Thursday, 3 August 2017

5 Things to Do to Safeguard the Future for Your Child


The best way to secure your child’s future is to arm them with quality education, which will give them the right tools to fend for themselves, with or without you. However, a recent article in The Economic Times stated, “Around 47 percent parents are concerned about the cost of higher education, given the inflation rates.” The rising cost of education is not something a parent can do much about, but there are ways to plan your finances so that you can arm your child with the best skills to create a secure future.

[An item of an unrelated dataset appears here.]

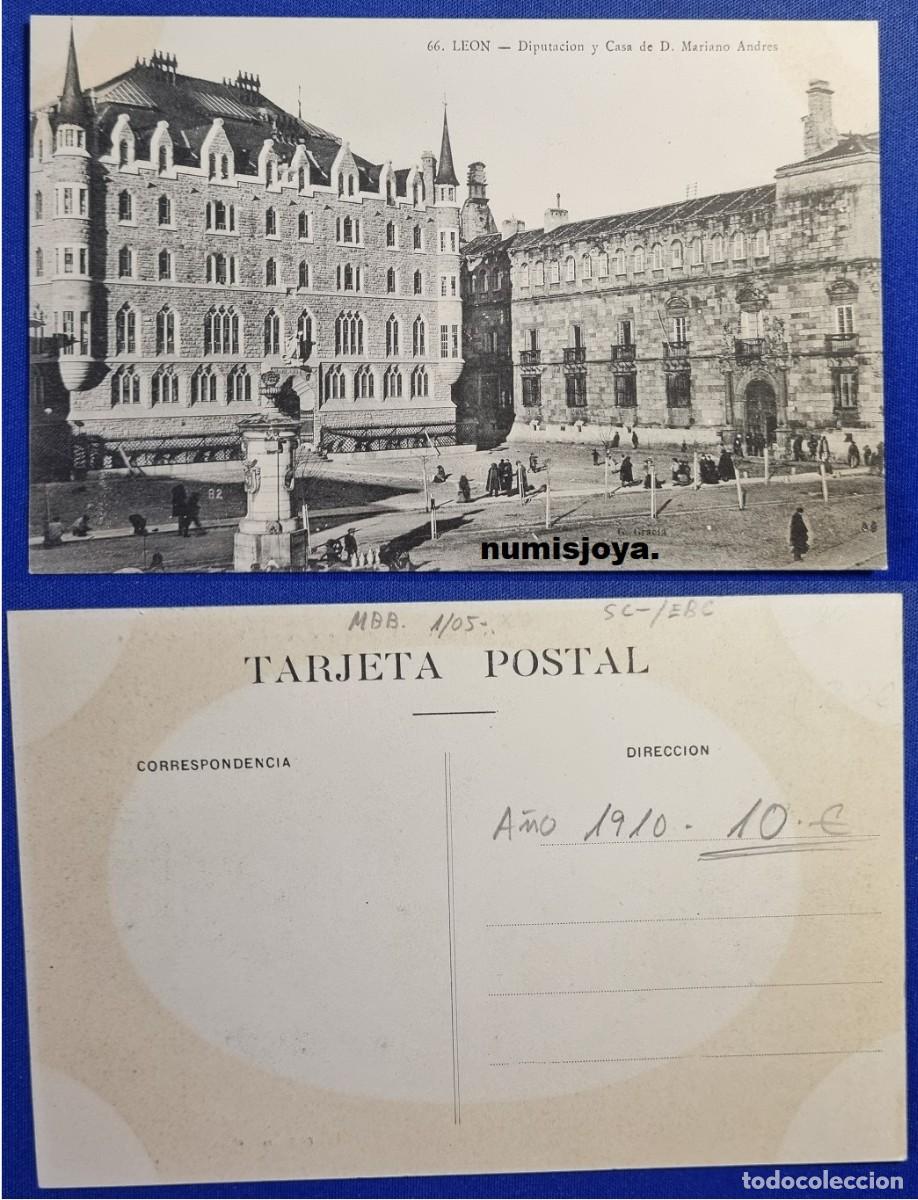 Postales: POSTAL de LEON (Espa&ntilde;a). A&ntilde;o 1910 Diputaci&oacute;n y Casa de Mariano Andr&eacute;s. Ed. G. gracia. RARA.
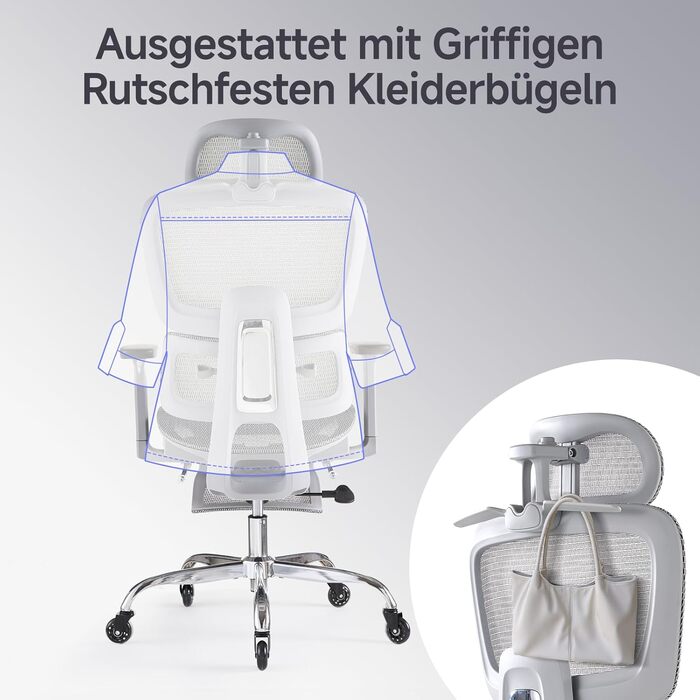 Ергономічне офісне крісло з підставкою для ніг та подушкою для шиї, 5-позиційне регулювання висоти спинки, 2D-підтримка попереку, 3D-підлокітники/підголівник, функція нахилу 145, сітчасте сидіння, гумові колеса, сірий колір.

Planning for Your Child’s Future

  1. Determine your child’s requirements
    The first step to securing the future for your child is to identify what all they will need in future. This includes not just the expense incurred as school fees, but also added costs, such as that of coaching, transportation, co-curricular activities and more. The cost of a child’s upbringing can take up almost 60% of your household budget. You may not be able to determine the exact figure, although if you track your expenses you can get an estimate that can help you determine the amount of savings that will be required to achieve your child’s goals.

  2. Buy protection
    Investment alone might not be enough. This is where a child insurance plan can help, providing added financial security for your child in your absence. Getting high insurance coverage means that you will also need to pay higher premiums. Therefore, it is advisable to assess your child’s insurance needs before buying coverage, which you can do with an online insurance calculator. Along with a child plan, buying health insurance is also a wise step.

  3. Plan early
    Starting to plan even before the birth of your child is not too early. When you start planning and investing early, your savings grow accordingly, even when it comes to a child insurance plan. A delay in the process of saving can cause financial restrictions, which will force you to overlook other financial benchmarks that are equally important.

  4. Allocate assets
    Mutual funds, public provident funds, fixed deposits, equity, etc., can all play a supporting role at various stages in your child’s upbringing. To have the right combination of assets and manage them efficiently, asset allocation is an important step.

  5. Prepare a will
    Merely nominating your child to inherit your assets makes him/her a custodian. Ensure that your child receives all that you want them to by writing a comprehensive will to prevent disputes in your absence.
Besides taking all these steps, it is also important to sit your child down and speak to them about the importance of saving and managing finances independently.